When she climbed the stairs the door stood ajar so she pushed it open without knocking and looked in. Adam was bent over the desk with his back to her. His boots were set neatly to one side and he had hooked his bare feet around the legs of the chair like a schoolboy, she thought with a pang of tender amusement. Dog lay beside him and as she entered he wagged his tail, two heavy thumps on the floorboards.

‘Quiet, Dog. Thanks, Maggie, can you just put it down here?’ He didn’t look up from the page he was covering in writing that looked as though he was constraining a naturally bold hand to fit the page.

Rose put the mug on the table and rested her hands on his shoulders. ‘I could have been a French agent armed with a knife.’ It was a measure of his control that the quill did not blot. She laid her cheek against the crown of his head. ‘Have you got a headache?’

Adam laid the quill across the standish and lifted his hands to cover hers. ‘Just the usual report-writing headache. What are you doing here, Rose?’ His big hands enveloped hers, his thumbs closed over the pulse points in her wrists and began to stroke gently back and forth.

‘I came to bring the borrowed clothes back to Maggie, but she’s gone out to help a neighbour so she left me to make your tea. I’ll go away again now, Maggie said you’d been up all hours working. I wish I had known last night.’ She slid her cheek lower so she could kiss the upper rim of his right ear. It was not a body part she had ever imagined might be arousing, but the strong curve and the intricate whorls were sculptural and sensual. What would he do if she fo

llowed them with the tip of her tongue? ‘There’s no need to come to the dinner party tonight, I can give your apologies, say you are on duty.’

‘But I won’t be. And this is finished.’ He released her hands, picked up the quill to scrawl his initials at the foot of the page and added it to the stack.

‘Are all your nuns safe now?’

‘They had better be.’ He swivelled round in the chair and pulled her down on to his lap. ‘They are doing impressive work. Very valuable work. Our medical facilities in England could learn a lot from them. Men will be walking out of their wards who would otherwise have left as cripples or in a coffin.’

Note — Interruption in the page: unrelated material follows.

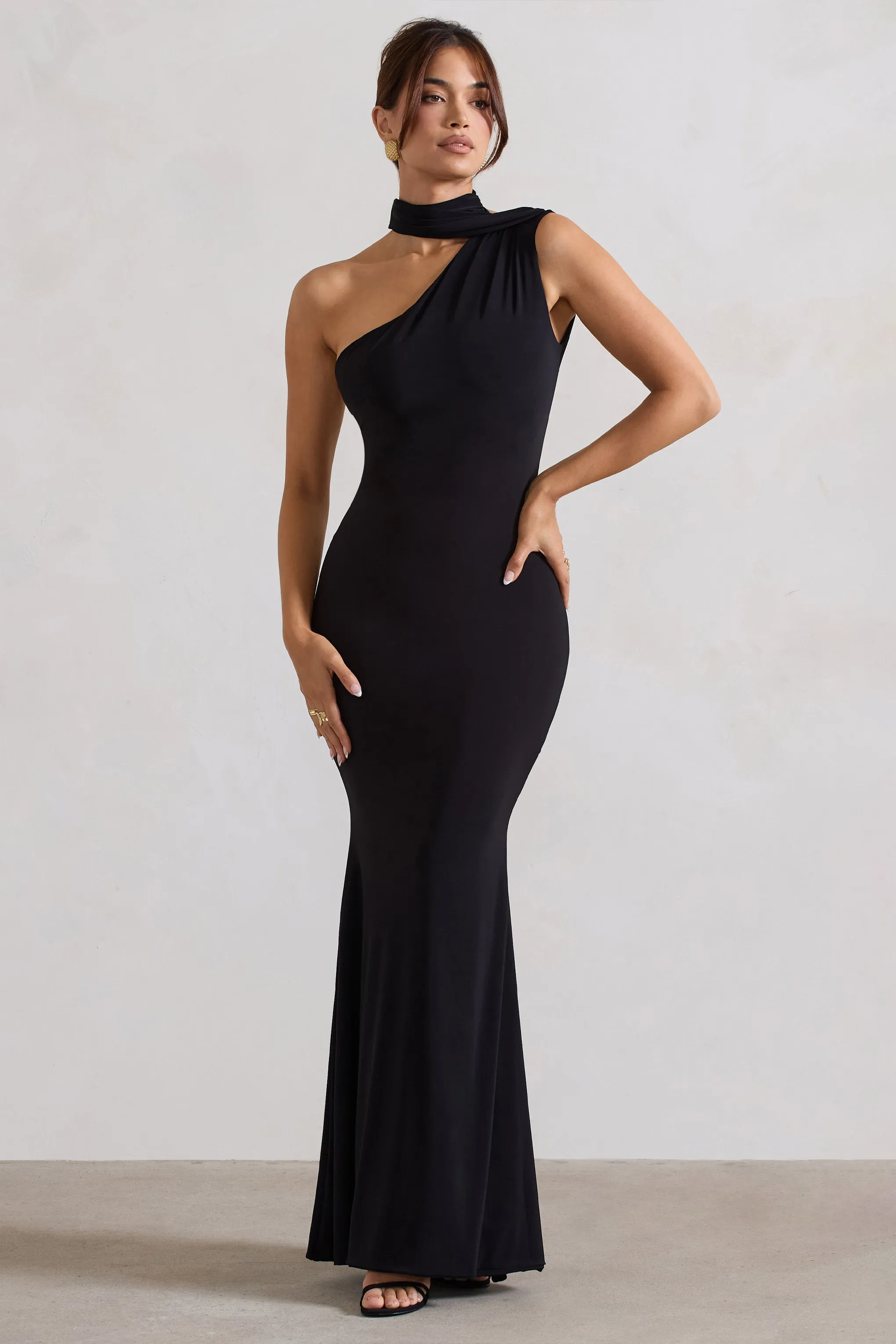 Capucine | Black One Shoulder Draped Maxi Dress Club L London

He broke off to remove Dog’s head from his knee where the hound had thrust it, slobbering gently, in an attempt to lick their linked hands. ‘Bed!’

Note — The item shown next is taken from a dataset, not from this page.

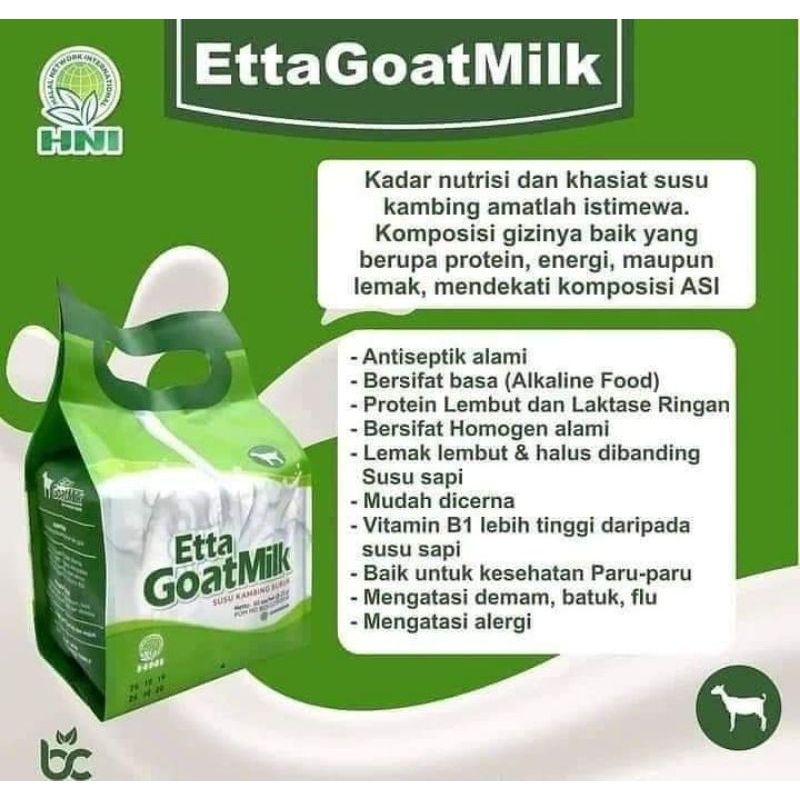 

ETTA GOAT MILK SUSU KAMBING ETAWA HNI HPAI ORIGINAL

Dog slunk off to the door looking beaten.

‘Bed sounds a good idea,’ Rose said. ‘Come and lie down and rest, you’ve a ferocious dinner party to fight tonight.’

‘Bed, you and rest in one sentence?’ Adam’s gaze seemed to smoulder when it rested on her.

‘Rest to start with. Mama knows I have come to see Maggie and expects either you or Lucille to walk me home after luncheon. Maggie is working her magic on a fractious baby and its exhausted mother. We have the whole morning.’

Adam stood up with her in his arms, which made her gasp. He set her on the bed, closed the door, turned the key in the lock and studied her as she began to unlace her half-boots and roll down her stockings. ‘Your mother knows you are here?’

‘Not in your bedroom. But she had her coachman drop me off just now. She thinks I am visiting with Maggie. You have quite seduced her, you know.’ She reached up her hands to unpin her hair.

‘Leave it.’ Adam’s voice had thickened. ‘Seduced her?’

‘I believe the sight of a big fierce warrior sitting in a dainty teashop wrestling with tiny sweetmeats quite won her heart.’ Her gown joined her stockings on the chair.

‘It seemed only courteous.’ He narrowed his eyes at her. ‘You are teasing me.’